Last year, when my parents went to Pakistan for a couple of months there were times when I felt very alone. My loneliness led me to an incredibly stupid mistake, no a sin, that I vowed not to repeat. But as I find myself in a similar position today, I want to walk on the same dirty path, towards the mirage that is contentment due to sin, all over again.
That’s the thing about sins, most of the times they’re not completely void of reasoning. Not all sins require calculated thought but there is a sense of purpose to them, an end goal which we believe will elevate us. Maybe elevate our status, or simply elevate our state of mind. Alleviate our problems and make us happy.
Perhaps this is a crude example, but I just thought of people who self harm. They do not self-harm to make their condition worse, they do not self-harm in an attempt to end their life. Self-harming is a coping strategy used to make the individual feel in control, possibly, or to feel a physical pain that, for a while, overrides all the pain that won’t stop. But, is it a good coping strategy? Well, the answer’s in the name.

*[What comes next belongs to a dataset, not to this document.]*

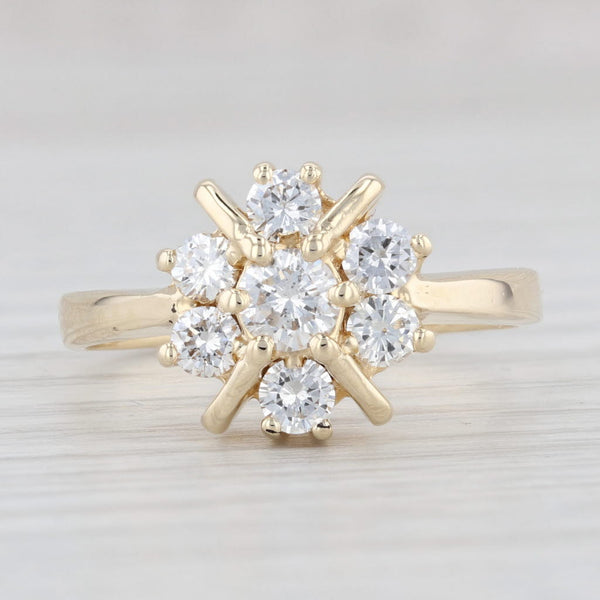 Light Gray 0.86 Diamond Cluster Flower Ring 14k Yellow Gold Size 9.25 Engagement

We may think heading down to the pub after work will allow us to integrate within our environment, and make us feel better. We may think we’re great gamblers and we’ll be able to make some quick cash to cover this month’s bills. We may feel entitled to our haram relationships before marriage, because we need to know the person we’ll be spending our lives with. We may feel more beautiful without our bodies appropriately covered. But what do we really get out of these sins? Either a rude awakening or a severe guilt which ruins any sense of happiness that came with the sin. And when we don’t recognise either, well, that’s when we’re in real trouble.
The problems that are caused by sins rear their ugly heads as soon as we take our first step towards the sin. Yet we regularly overlook this for the momentary pleasure of this world. Sins will neither elevate us, nor alleviate us.

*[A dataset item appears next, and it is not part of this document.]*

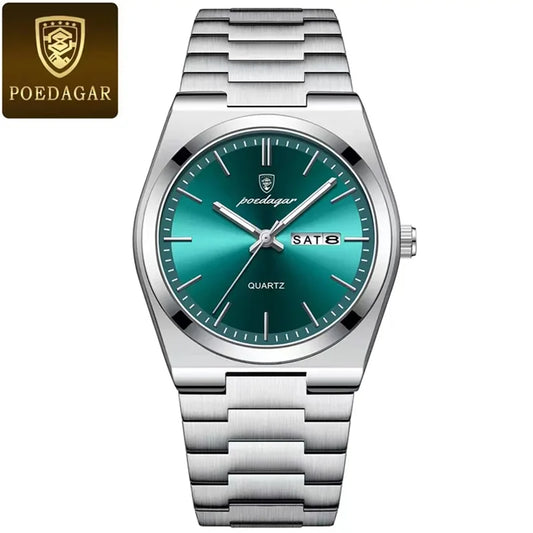 POEDAGAR 930 Ultra-Thin Quartz Watch for Men – Stainless Steel Bracelet, Waterproof, Luminous Men's Wristwatch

But the other thing about sins is that they can be so easy to fall into. I find myself doing things that my previous self would see in others and be shocked or disgusted or plain confused about the reasoning and “necessity” of committing such a sin. Yet, here I am. Dirtier and devalued, thrown off my high horse.

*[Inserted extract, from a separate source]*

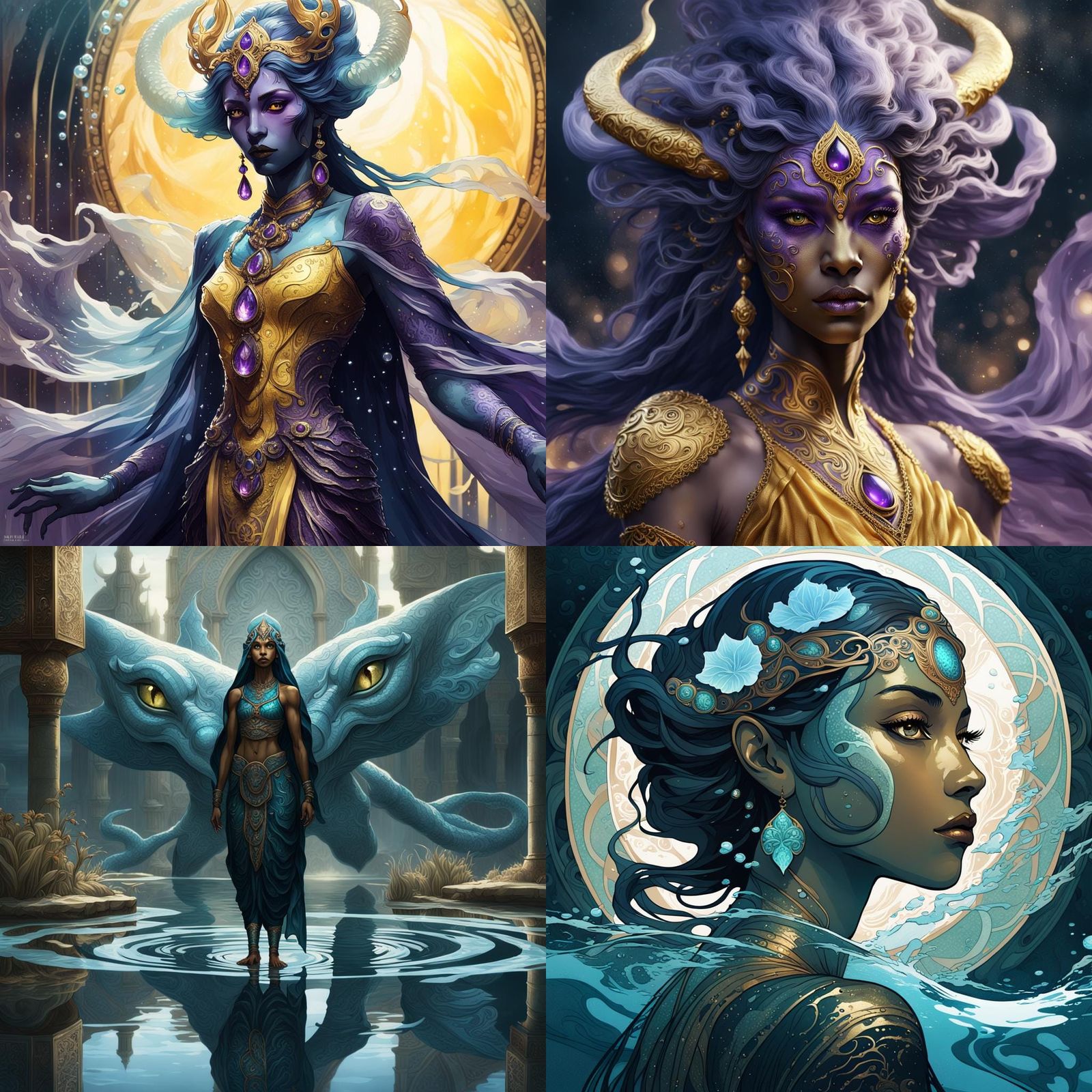 Water Djinn's Reflection: Dark Fantasy Concept Art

The easy, seemingly reachable, answer will always seem the way forward. But, do you remember the question? Are you answering the correct one? Do you need time to read over it again? Time is limited in this test, but the time limit takes into account the numerous necessary reads of the question.
What is the question? What is your position?
Do you want to cure your loneliness? Do you want to numb the pain? Do you want to have fun? Do you want to make more money? Do you want feel more beautiful? Why do you not feel beautiful right now? Why will revealing more of yourself make you feel better? Is this relationship giving you all that a relationship should?
Are you looking for a solution to the consequence of a problem, or a solution to the root of the problem?
Are you going back to the sourcebook for the answers to your question?
Then what is [the matter] with them that they are, from the reminder, turning away As if they were alarmed donkeys Fleeing from a lion? Rather, every person among them desires that he would be given scriptures spread about. No! But they do not fear the Hereafter. No! Indeed, the Qur'an is a reminder Then whoever wills will remember it. And they will not remember except that Allah wills. He is worthy of fear and adequate for [granting] forgiveness. Quran ~ 74: 49-56
Have you re-read the question? Again?
Do you want to avoid the hellfire? Do you want to enter paradise? Do you want to meet the Prophet peace and blessing be upon him? Do you want to submit to the will of Allah?
We attempt to fix ourselves with our sins but the fix is more like blade through the skin than a bandage on the skin.
Today, I wrote this to curb the useless thoughts, whilst feeling lonely. (After doing dua. I could’ve done more dua too. I could’ve done more worship.)
I hope tomorrow I can find a plaster, if not a bandage to fix me, rather than a blade.